Your assignment:
For this exercise, retype each line of the material below verbatim and omit any picture.

Dataset extract:
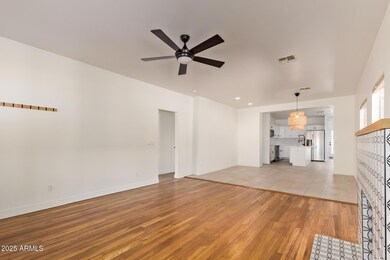 2526 N Edgemere St, Phoenix, AZ 85006 - photo 7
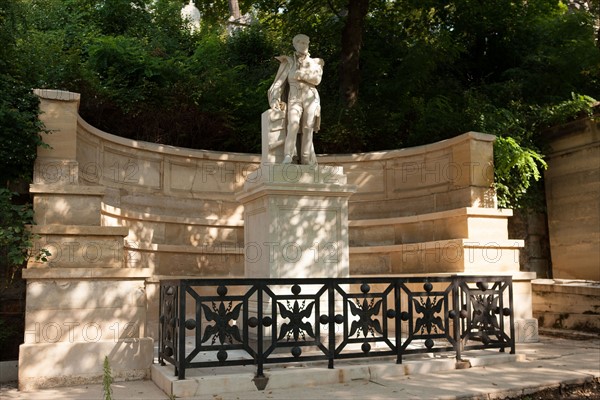 France, Ile de France, Paris 20e arrondissement, cimetiere du Pere Lachaise, 37e division, sepulture du marechal de Gouvion Saint-Cyr, statue,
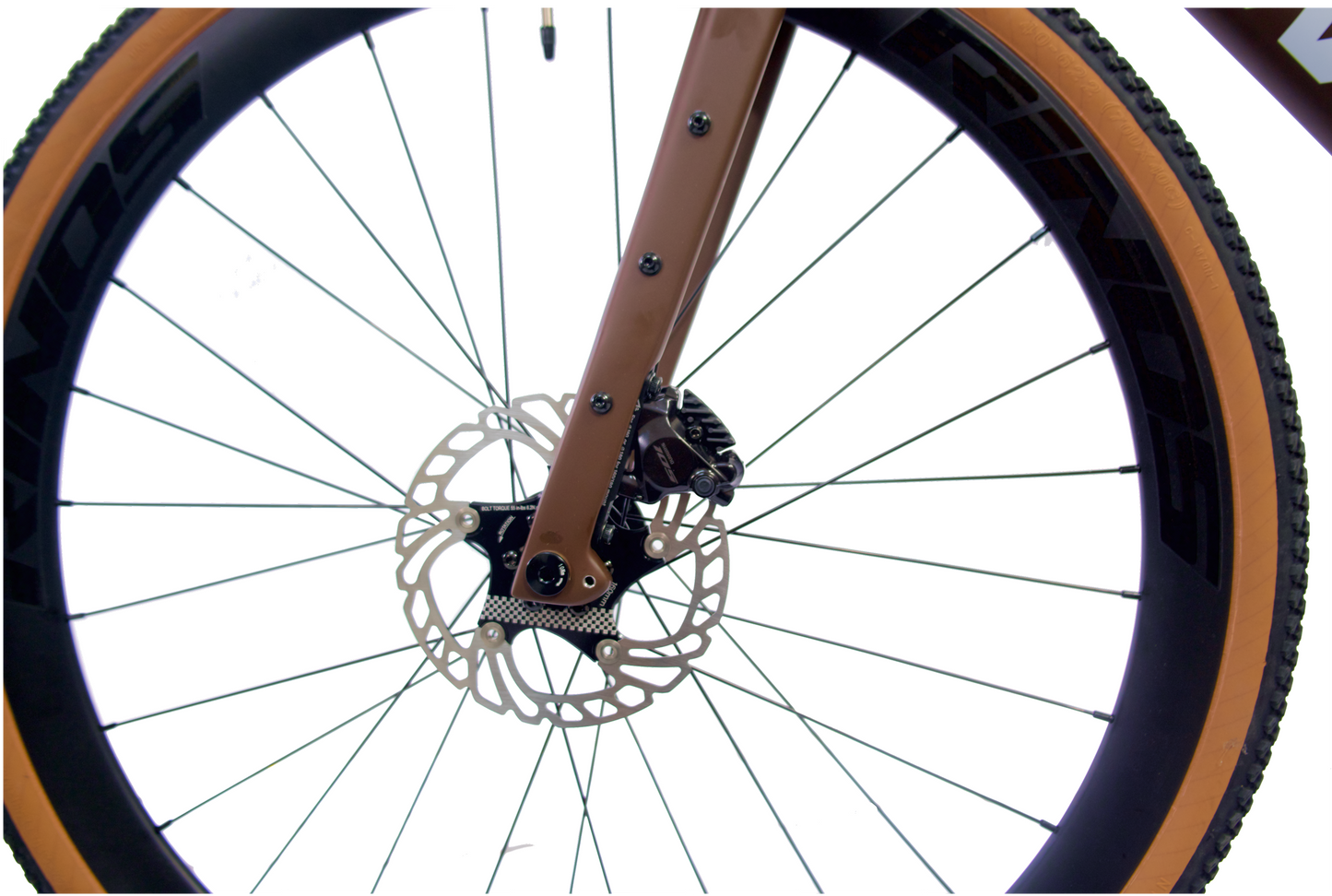 RINOS Karbon Gravel Sandman8.0 Shimano 105 Di2 Káva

Answer space:
 2526 N Edgemere St, Phoenix, AZ 85006 - photo 7
 France, Ile de France, Paris 20e arrondissement, cimetiere du Pere Lachaise, 37e division, sepulture du marechal de Gouvion Saint-Cyr, statue,
 RINOS Karbon Gravel Sandman8.0 Shimano 105 Di2 Káva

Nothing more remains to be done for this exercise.